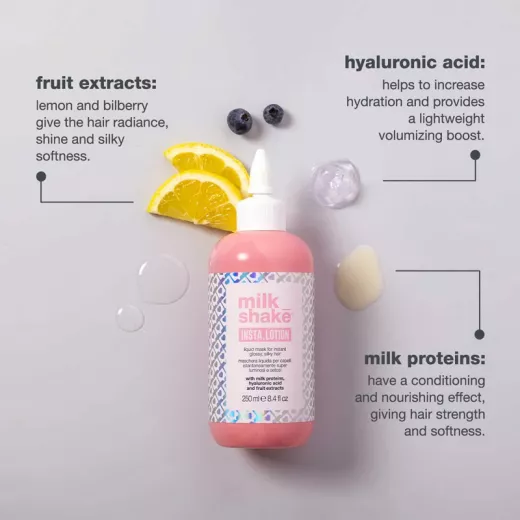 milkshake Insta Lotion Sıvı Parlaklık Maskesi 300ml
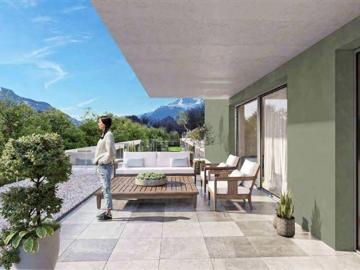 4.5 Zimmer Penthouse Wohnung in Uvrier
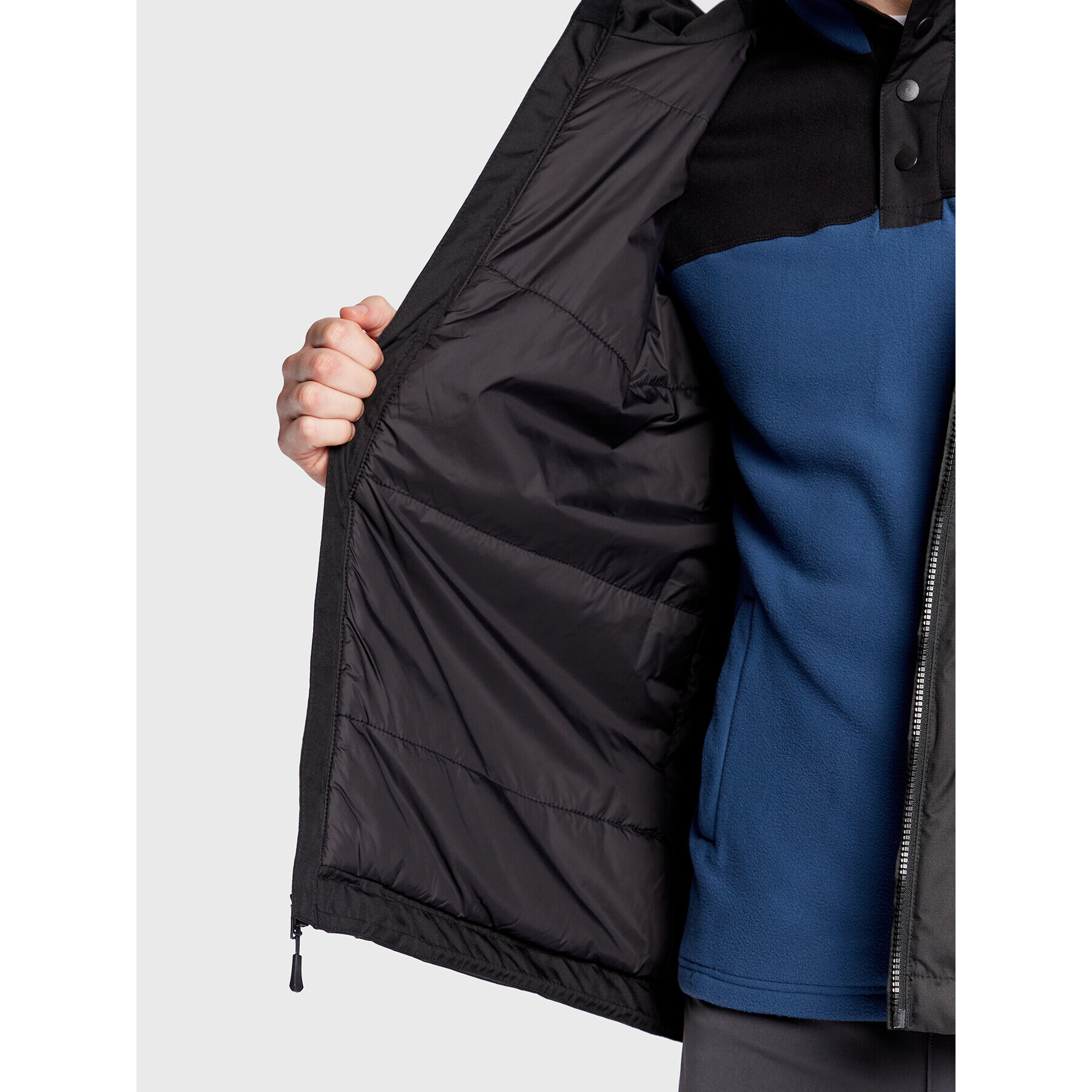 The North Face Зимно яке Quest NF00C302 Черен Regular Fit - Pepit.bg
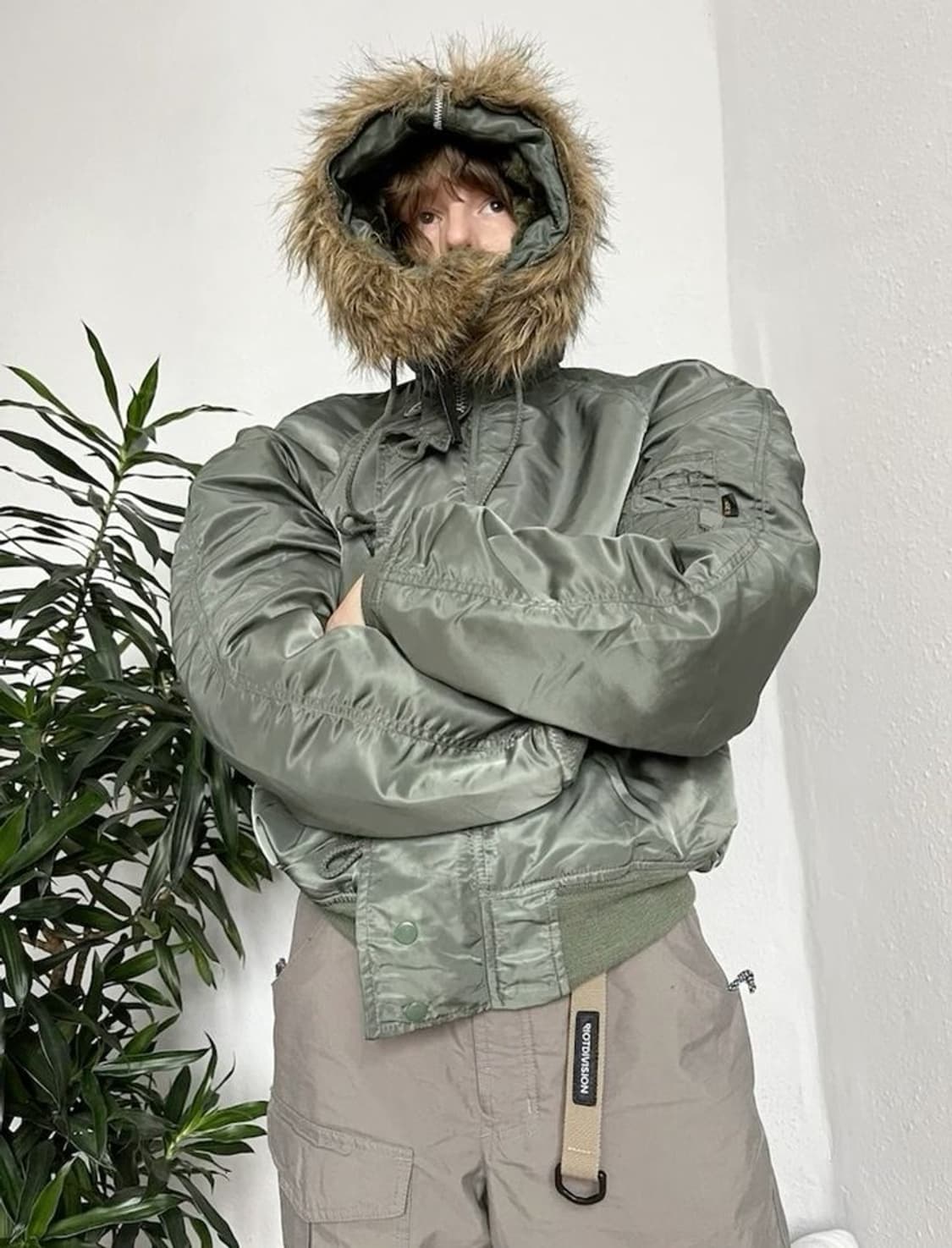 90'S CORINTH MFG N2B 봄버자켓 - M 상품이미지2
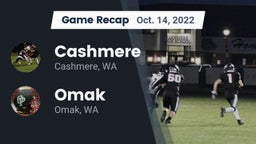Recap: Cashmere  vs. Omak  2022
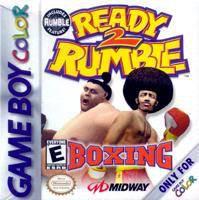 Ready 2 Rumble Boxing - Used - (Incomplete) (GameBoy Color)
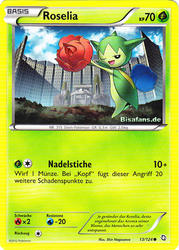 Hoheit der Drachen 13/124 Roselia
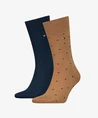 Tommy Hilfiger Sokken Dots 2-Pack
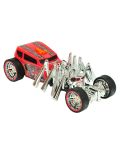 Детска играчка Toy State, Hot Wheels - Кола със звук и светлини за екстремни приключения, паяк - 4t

::::::

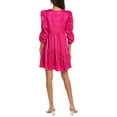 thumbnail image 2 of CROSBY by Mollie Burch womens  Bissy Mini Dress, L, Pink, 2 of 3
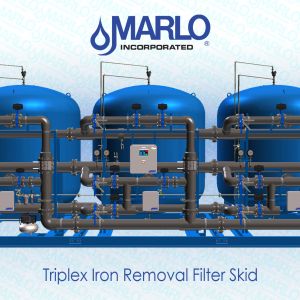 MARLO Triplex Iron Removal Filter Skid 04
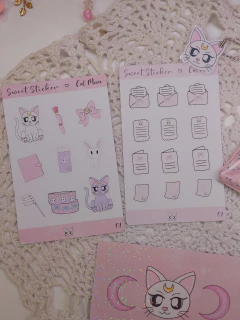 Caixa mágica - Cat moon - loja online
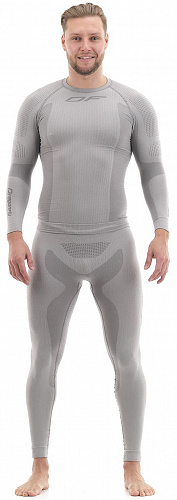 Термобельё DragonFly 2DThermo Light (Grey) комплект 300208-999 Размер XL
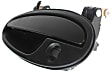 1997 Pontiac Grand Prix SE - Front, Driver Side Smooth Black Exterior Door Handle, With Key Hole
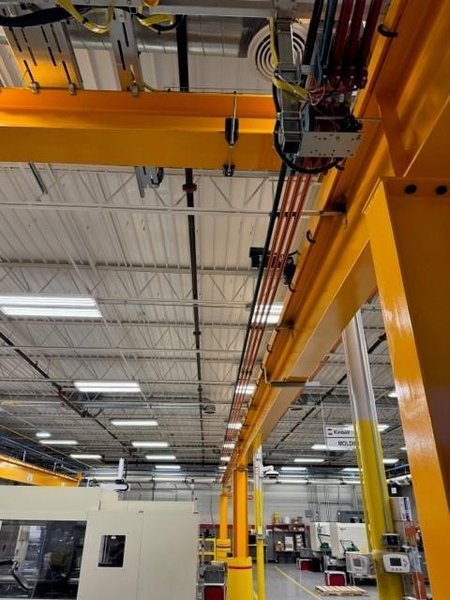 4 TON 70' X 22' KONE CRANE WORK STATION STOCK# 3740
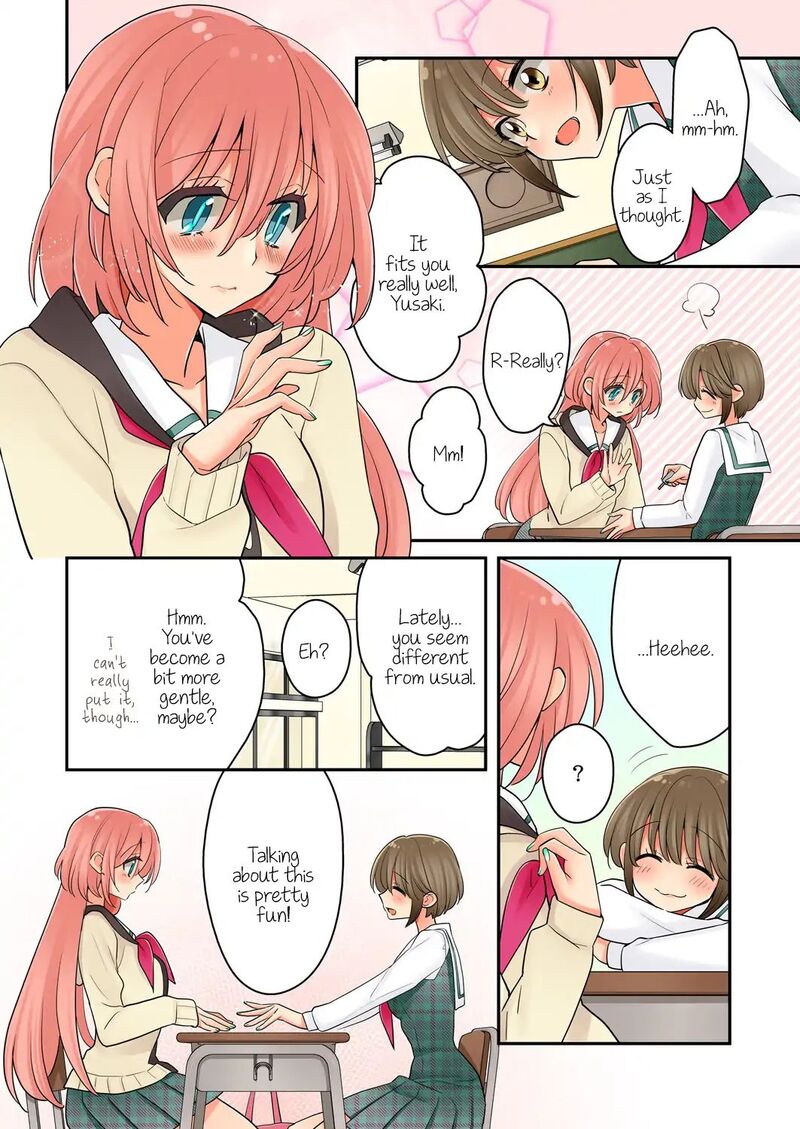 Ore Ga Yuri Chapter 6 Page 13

::::::

== WORK INSTRUCTION ==
Only one stretch of the data is wanted: write out exactly the lines from the one holding "milkshake Insta Lotion" through the one holding "Детска играчка Toy", both included, without the pictures.

== COMPLETED EXERCISE ==
 milkshake Insta Lotion Sıvı Parlaklık Maskesi 300ml
 4.5 Zimmer Penthouse Wohnung in Uvrier
 The North Face Зимно яке Quest NF00C302 Черен Regular Fit - Pepit.bg
 90'S CORINTH MFG N2B 봄버자켓 - M 상품이미지2
Recap: Cashmere  vs. Omak  2022
 Ready 2 Rumble Boxing - Used - (Incomplete) (GameBoy Color)
 Hoheit der Drachen 13/124 Roselia
 Tommy Hilfiger Sokken Dots 2-Pack
 Детска играчка Toy State, Hot Wheels - Кола със звук и светлини за екстремни приключения, паяк - 4t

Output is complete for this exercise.